Kinerja impresif tersebut juga tercermin dari peningkatan jumlah nasabah pembiayaan yang mencapai 1.484.816 nasabah. Capaian ini menunjukkan semakin kuatnya peran Pegadaian dalam memperluas inklusi keuangan serta meningkatkan literasi keuangan masyarakat di wilayah operasionalnya.

Investasi Emas Jadi Penggerak Utama

Produk berbasis emas menjadi motor utama pertumbuhan bisnis Pegadaian Kanwil VI Makassar. Hingga April 2026, Tabungan Emas mencatat 412.181 rekening aktif dengan total saldo mencapai 938.413 gram emas.

Selain itu, produk Cicil Emas membukukan omset sebesar Rp936,96 miliar, sementara Deposito Emas terus menunjukkan tren positif dengan 8.816 rekening dan total gramasi mencapai 117.074 gram. Tingginya minat masyarakat terhadap emas sebagai instrumen investasi dan aset lindung nilai (safe haven) menjadi pendorong utama pertumbuhan tersebut.

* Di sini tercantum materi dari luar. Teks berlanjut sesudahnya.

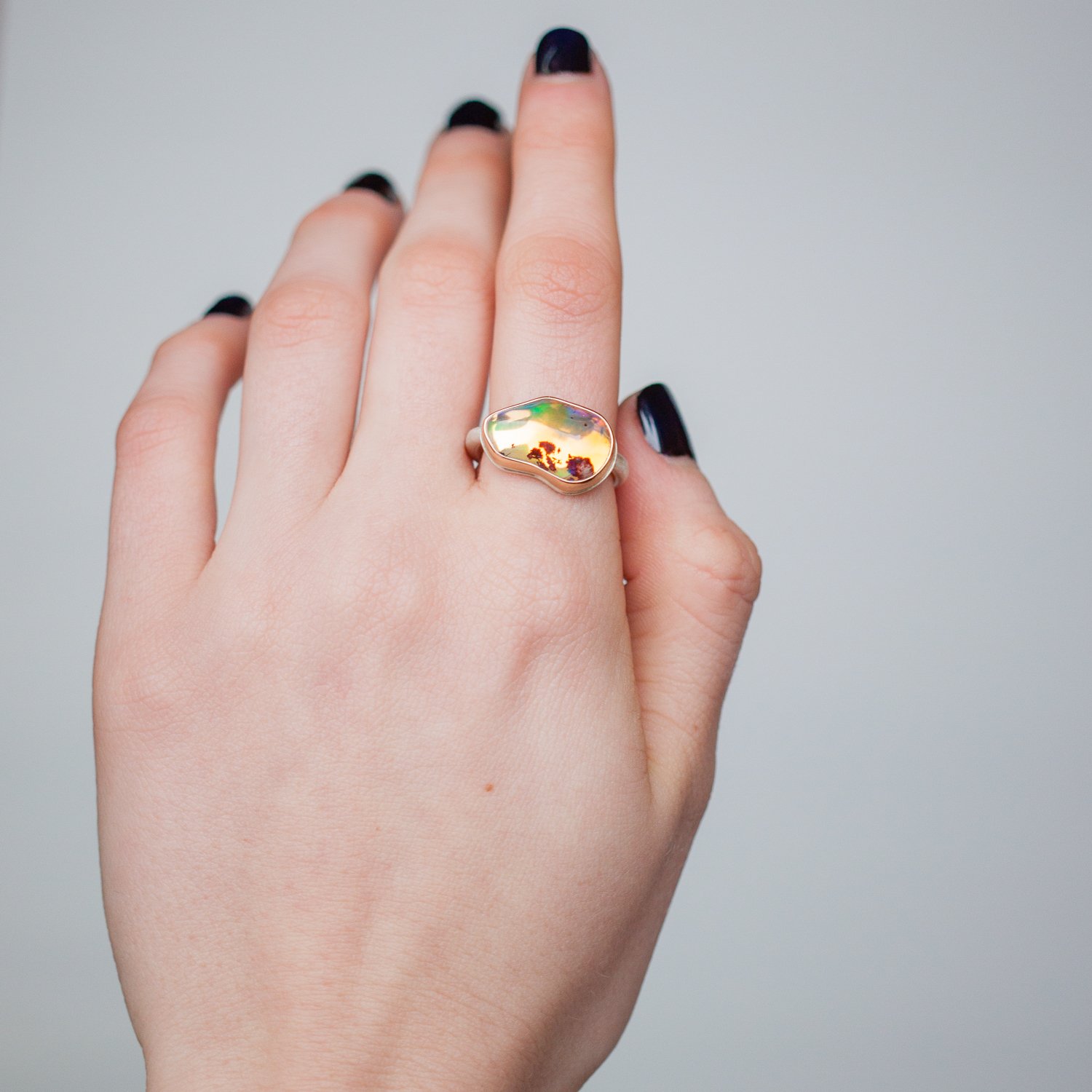 Jamie Joseph Trunk Show: Mexican Fire Opal sz. 7
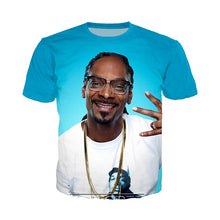 Load image into Gallery viewer, 3D Print Men Women Streetwear Hip Hop Short Sleeve Snoop Dogg T-shirts Casual Harajuku Pullover Funny Rapper Tees Tops - Larry&#39;s Anything Goes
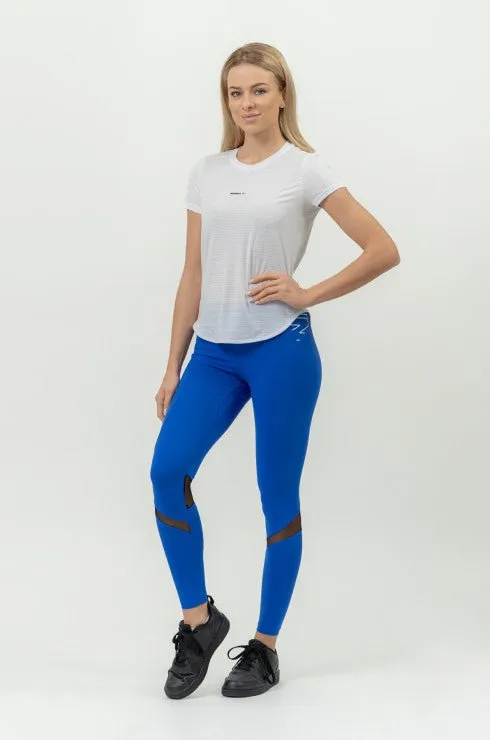 Nebbia Fit Activewear T-Shirt airy with Reflective Logo - White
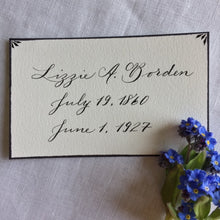 Load image into Gallery viewer, Lizzie Borden Version 2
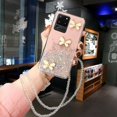 thumbnail image 1 of For Samsung Galaxy S20 Ultra Pink Smart Shockproof Glitter Crystal butterfly Wrist Strap Cover Case, 1 of 1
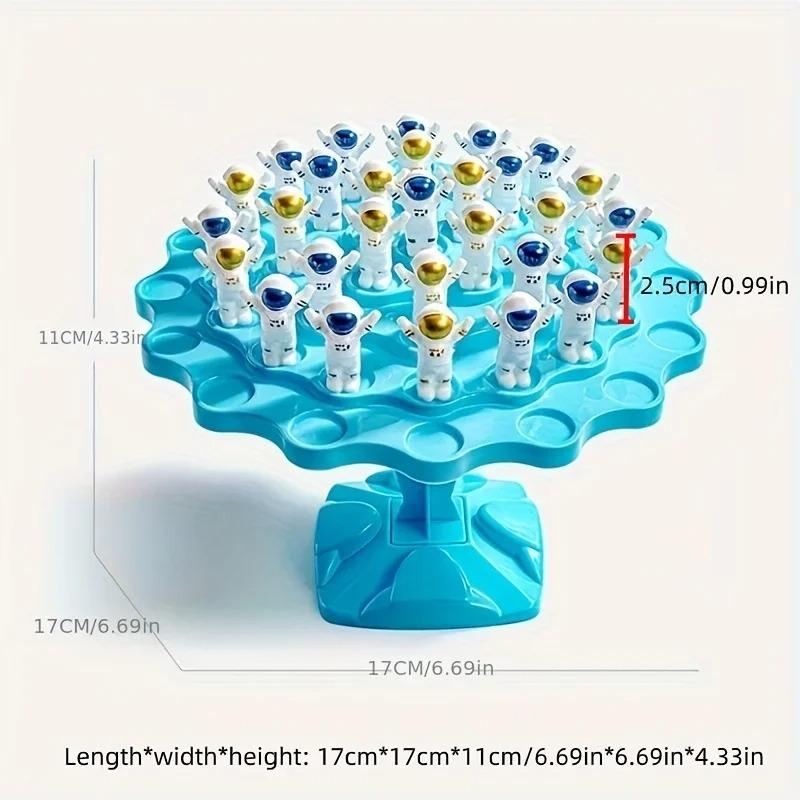 Children's DIY puzzle balance tree Small White rabbit Astronaut board^ game casual parent%child interactive tabletop*balance toy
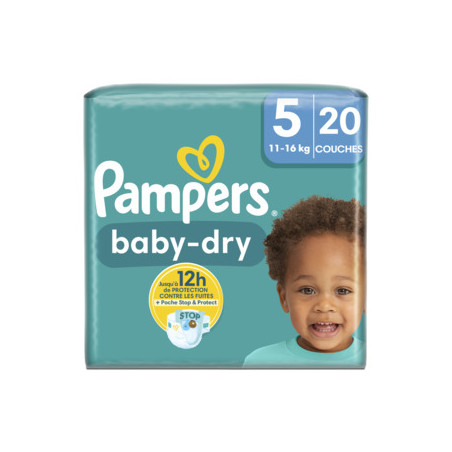 Couches Baby-Dry Taille 5 19 11kg-16kg - x19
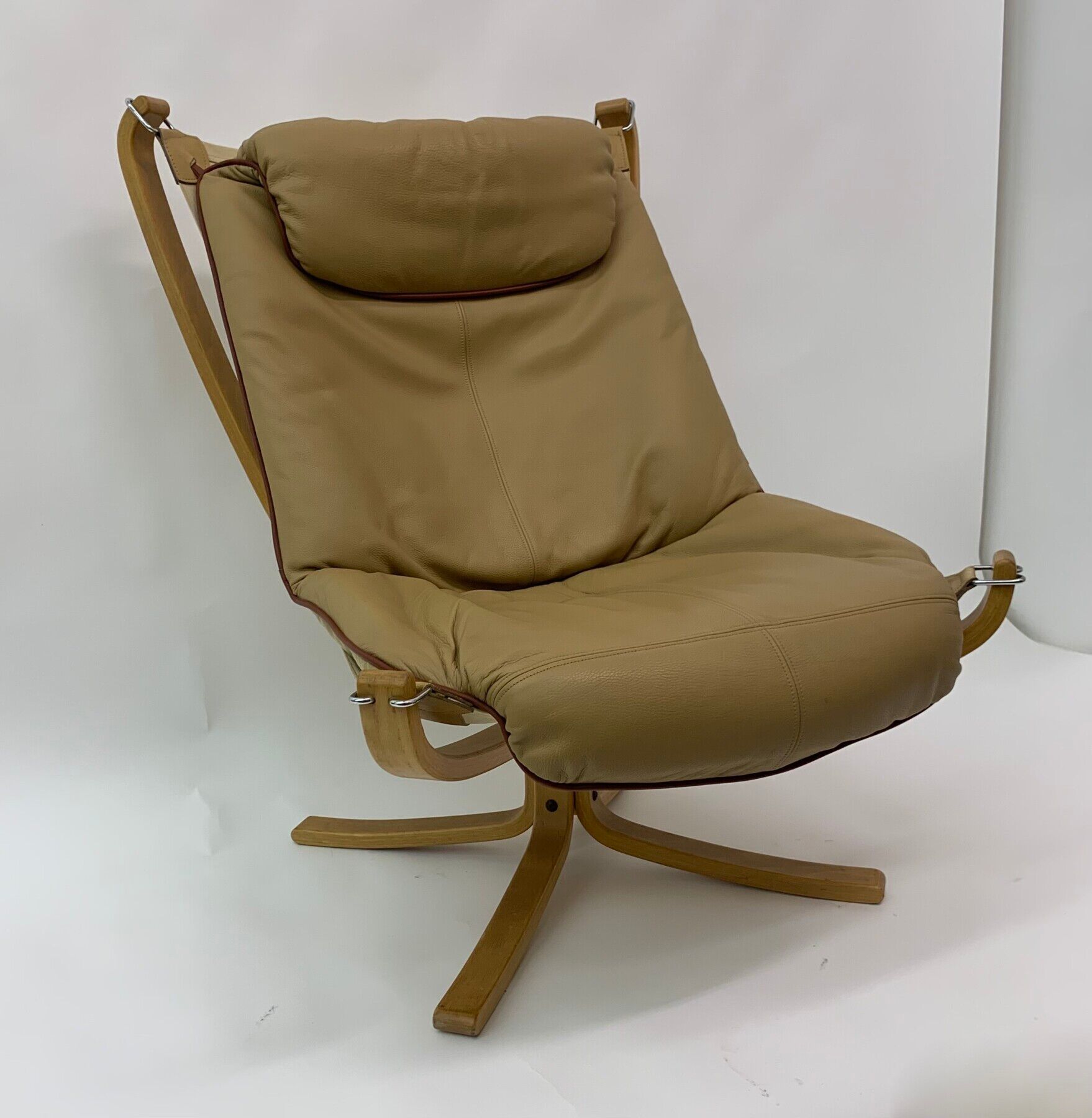 Falcon leather armchair by Sigurd Ressel for Vatne Møbler 1970s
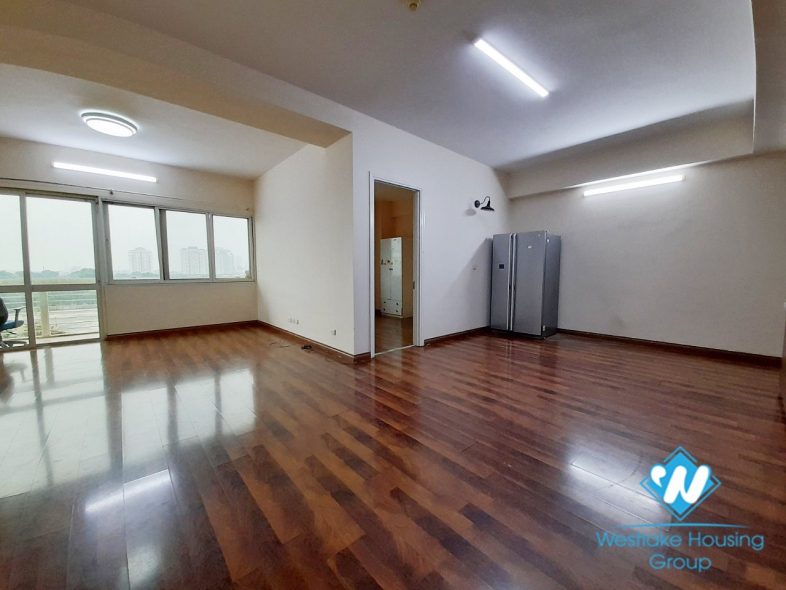 Unfurnished, spacious 4 bedroom apartment for rent in E Tower, Ciputra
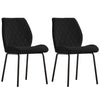 Set of 2 Velvet Dining Chairs Upholstered Seat Home&Restaurant NEW Office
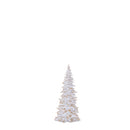 7.75-15.5" Gold Accent White Holiday Tree Figurines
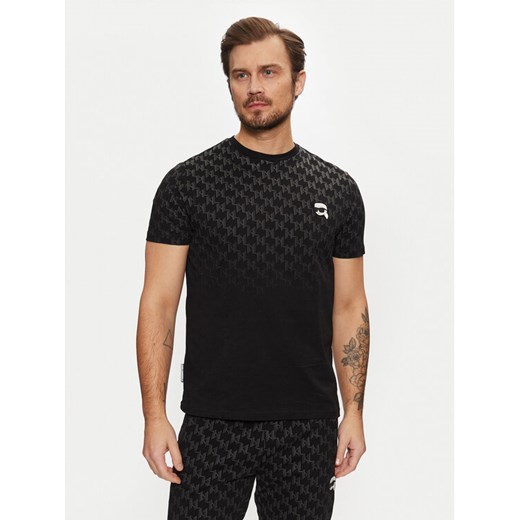 KARL LAGERFELD T-Shirt 755099 551251 Czarny Regular Fit ze sklepu MODIVO w kategorii T-shirty męskie - zdjęcie 182599837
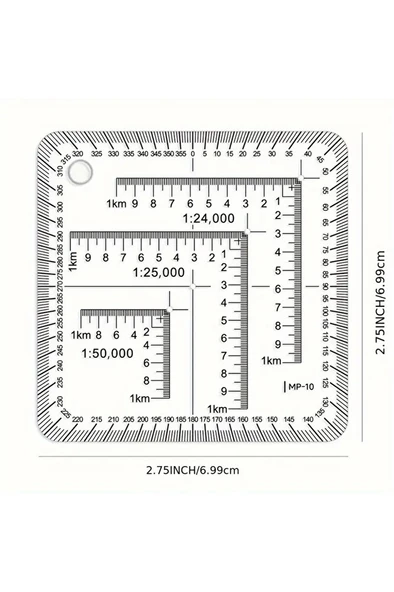 MP-10 Koordinat Cetveli, mm-cm ölçümler, Mimarlar, Mühendisler, Teknik Çizimler için-1ad ürün görseli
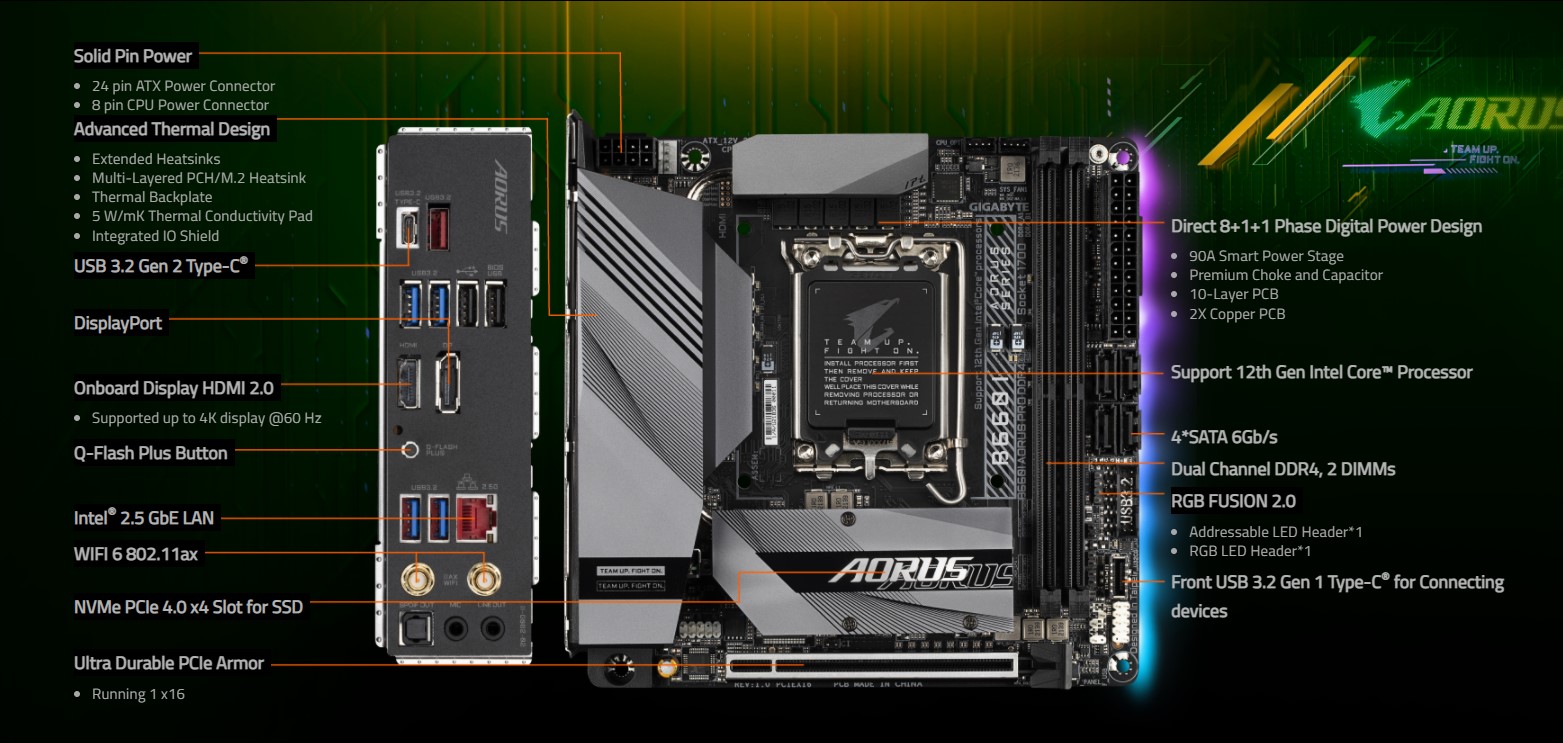 Gigabyte B660I AORUS PRO DDR4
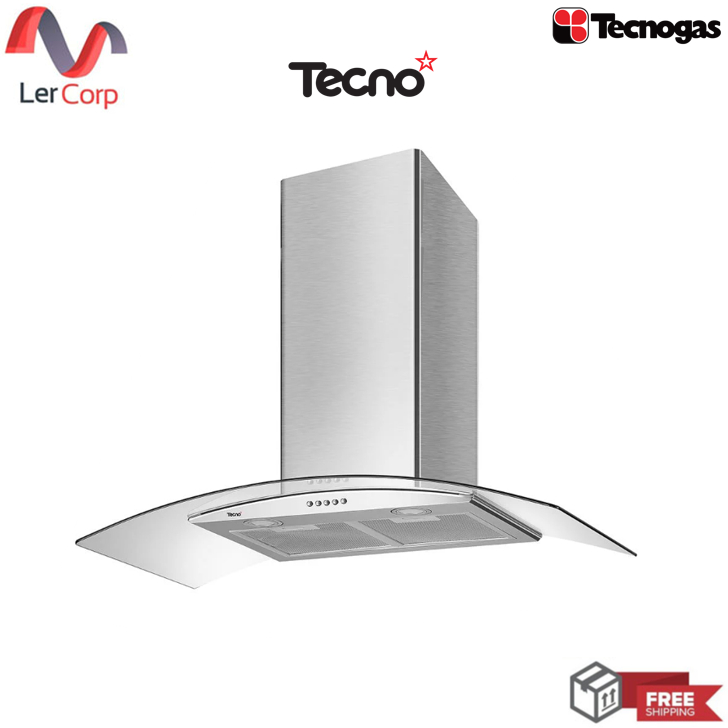 เครื่องดูดควันติดผนัง Tecno TNS HD 3490K-AC ขนาด 90 ซม. สแตนเลส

Transformasi Digital Dorong Akses Layanan

Di sisi lain, transformasi digital Pegadaian melalui aplikasi Tring! turut memberikan kontribusi penting dalam perluasan layanan. Hingga saat ini, aplikasi tersebut telah diunduh oleh 389.831 pengguna.

Platform digital ini menjadi bagian dari strategi perusahaan untuk menghadirkan layanan keuangan yang lebih simple, mudah, dan digital, khususnya bagi segmen generasi muda yang semakin melek teknologi.

Komitmen Layanan dan CX

Pemimpin Wilayah PT Pegadaian Kanwil VI Makassar, Pratikno, menyebutkan bahwa capaian ini merupakan hasil kerja keras seluruh insan Pegadaian dalam menjaga kualitas layanan dan memperkuat pengalaman nasabah (Customer Experience/CX).

“Capaian omset Rp20,19 triliun per April 2026 ini menunjukkan bahwa Pegadaian semakin relevan di mata masyarakat, baik sebagai penyedia solusi pembiayaan maupun mitra investasi emas yang terpercaya,” ujar Pratikno.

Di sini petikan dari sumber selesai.